PROBLEM DESCRIPTION: Repeat exactly, and only, the lines of the entries below from the one with "Cheetahs beat Highlanders" through the one with "Sabrina Denim Jacket", both ends included.

DATA TO USE:
•••••
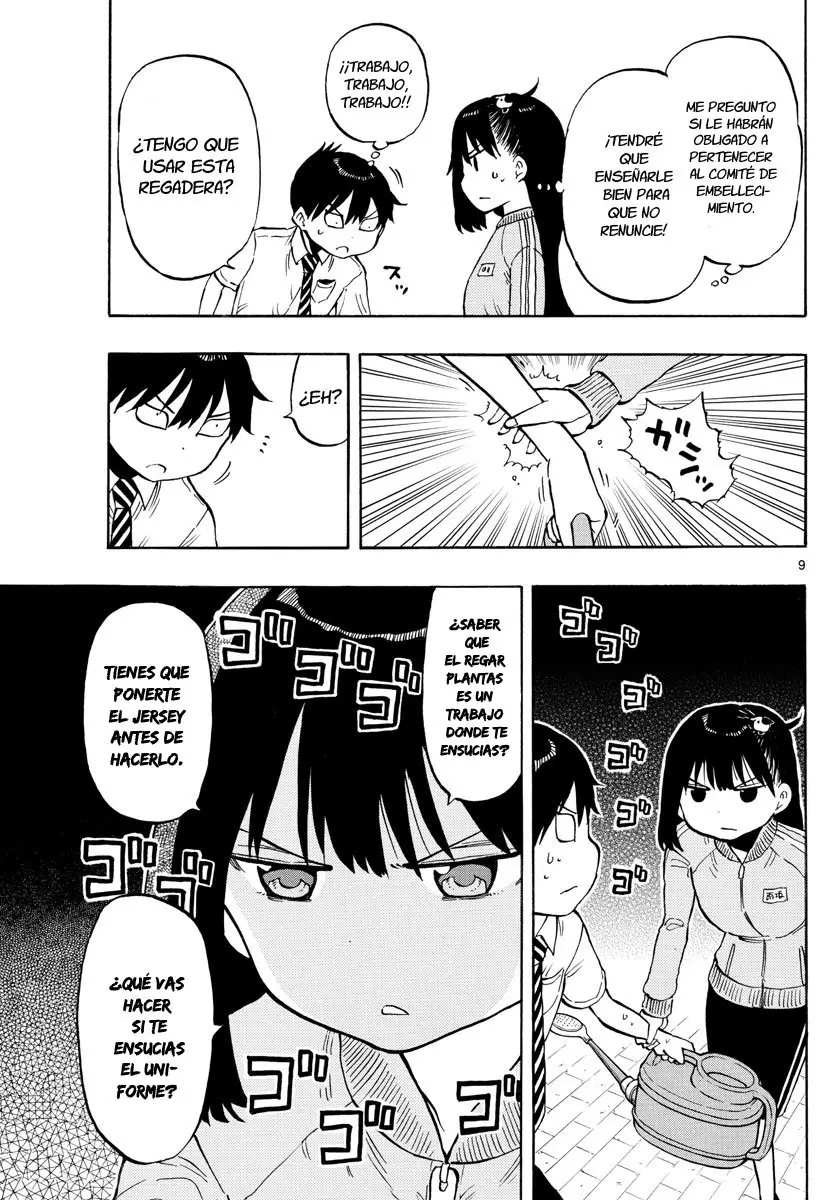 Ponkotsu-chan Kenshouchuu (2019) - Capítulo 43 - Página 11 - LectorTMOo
•••••
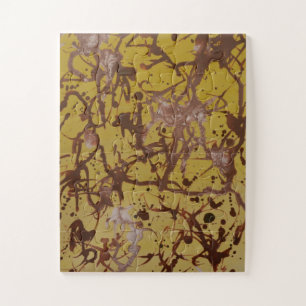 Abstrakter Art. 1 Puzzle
•••••
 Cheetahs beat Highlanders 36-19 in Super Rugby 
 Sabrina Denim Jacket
•••••
RESPONSE:
 Cheetahs beat Highlanders 36-19 in Super Rugby 
 Sabrina Denim Jacket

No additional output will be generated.